The quick and dirty way to calculate the index size would look something like this. A nonclustered index contains it's indexed columns and a pointer to the primary key, plus a little overhead for each row, and some other variables. Think something like this:
[ Header | Indexed Columns | Primary Key Columns ]
Header: 6 bytes
Index Columns: Given your inputs, 12 bytes
Clustered index columns: Lets assume a 4 byte integer
you come away with about 22 bytes per row. Multiply that by 700,000 rows, and divide it by 1024 (to go from bytes to kb) and you come up with about 15,000kb.
I built this index on a temp table with a 4 byte PK and an index on a 4 byte integer and an 8 byte datetime2 column and came up with an index size of 18216 kb.
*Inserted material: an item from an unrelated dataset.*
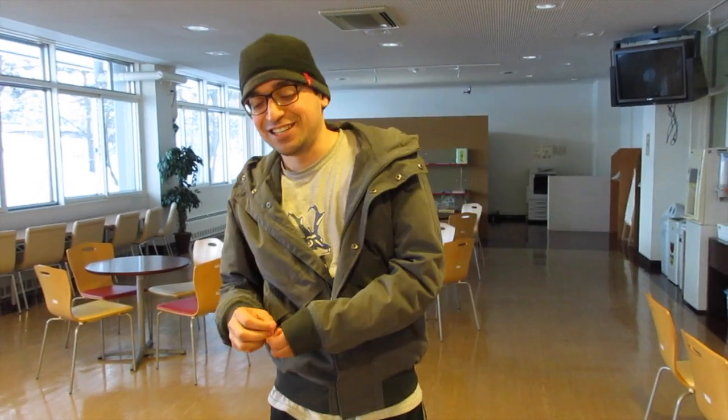Hey, what's up? How's it going everyone? This is Kiko. So I'm currently in Japan and today we're going to make some ramen.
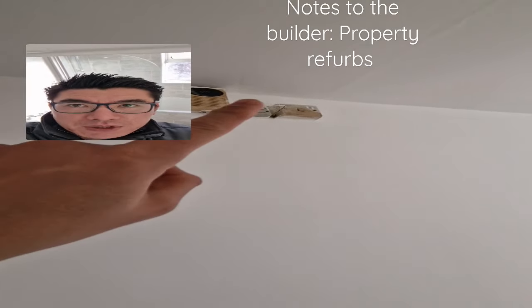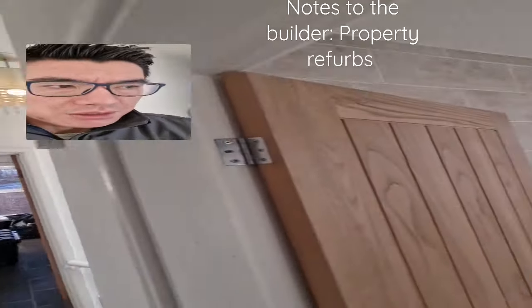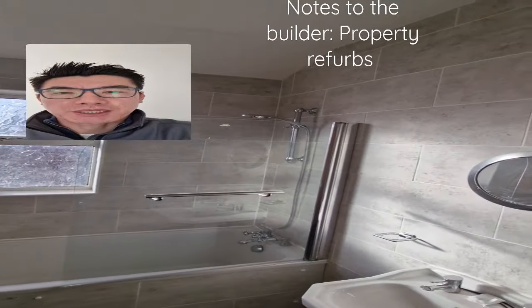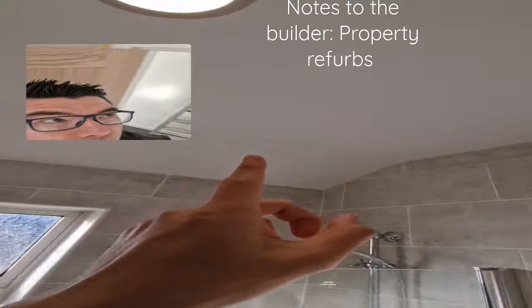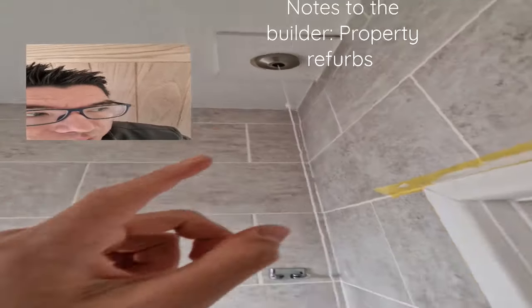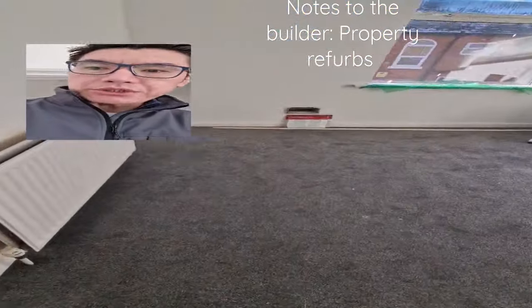When doing the removals with old units like that, please can you just remove them, repair the plasterwork behind it, and just paint over it — otherwise they don't look very good. I think we're going to do paint here as well.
Not bad from a napkin calculation.
The devil is in the details. I have no doubt that if I spent the time to look at all the variables that go into building the index those extra bytes would be in there somewhere.
October 17, 2014 at 3:52 pm
Yeah, you nailed it. The extra bites are in the balanced tree of the index. But your napkin calculation should be fine for most purposes.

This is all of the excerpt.